» Provided entries
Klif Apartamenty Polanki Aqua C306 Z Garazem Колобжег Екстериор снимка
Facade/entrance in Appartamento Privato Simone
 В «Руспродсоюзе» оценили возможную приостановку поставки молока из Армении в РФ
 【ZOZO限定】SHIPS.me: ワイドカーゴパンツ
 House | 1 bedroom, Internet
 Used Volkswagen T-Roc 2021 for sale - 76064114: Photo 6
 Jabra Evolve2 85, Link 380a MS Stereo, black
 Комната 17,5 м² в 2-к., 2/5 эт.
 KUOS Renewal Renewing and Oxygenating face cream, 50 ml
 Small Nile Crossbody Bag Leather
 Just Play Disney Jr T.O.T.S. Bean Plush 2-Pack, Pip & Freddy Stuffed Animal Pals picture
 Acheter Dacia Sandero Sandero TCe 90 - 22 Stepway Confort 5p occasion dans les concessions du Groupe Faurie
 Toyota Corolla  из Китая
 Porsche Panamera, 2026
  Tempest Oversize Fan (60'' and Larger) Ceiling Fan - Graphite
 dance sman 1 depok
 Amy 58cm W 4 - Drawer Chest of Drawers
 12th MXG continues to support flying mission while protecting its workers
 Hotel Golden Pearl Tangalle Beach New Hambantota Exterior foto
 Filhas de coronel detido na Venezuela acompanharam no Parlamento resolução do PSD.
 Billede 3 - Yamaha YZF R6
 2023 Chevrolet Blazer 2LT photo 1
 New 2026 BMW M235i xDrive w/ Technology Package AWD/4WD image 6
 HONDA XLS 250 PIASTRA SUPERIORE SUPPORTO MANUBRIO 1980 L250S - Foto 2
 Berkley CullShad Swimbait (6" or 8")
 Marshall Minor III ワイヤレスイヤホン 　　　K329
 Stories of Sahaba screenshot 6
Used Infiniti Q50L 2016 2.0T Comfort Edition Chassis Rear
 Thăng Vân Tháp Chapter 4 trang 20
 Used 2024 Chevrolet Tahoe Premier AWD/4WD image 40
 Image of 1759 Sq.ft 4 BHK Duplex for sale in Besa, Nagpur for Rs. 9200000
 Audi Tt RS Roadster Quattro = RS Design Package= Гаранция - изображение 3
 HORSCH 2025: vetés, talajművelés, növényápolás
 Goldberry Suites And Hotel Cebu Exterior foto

» Activity
Reproduce, character for character, only the lines of the preceding data that start at the line with "Tempest Oversize Fan" and end at the line with "Billede 3 - Yamaha YZF R6", both included.

» Task answer
  Tempest Oversize Fan (60'' and Larger) Ceiling Fan - Graphite
 dance sman 1 depok
 Amy 58cm W 4 - Drawer Chest of Drawers
 12th MXG continues to support flying mission while protecting its workers
 Hotel Golden Pearl Tangalle Beach New Hambantota Exterior foto
 Filhas de coronel detido na Venezuela acompanharam no Parlamento resolução do PSD.
 Billede 3 - Yamaha YZF R6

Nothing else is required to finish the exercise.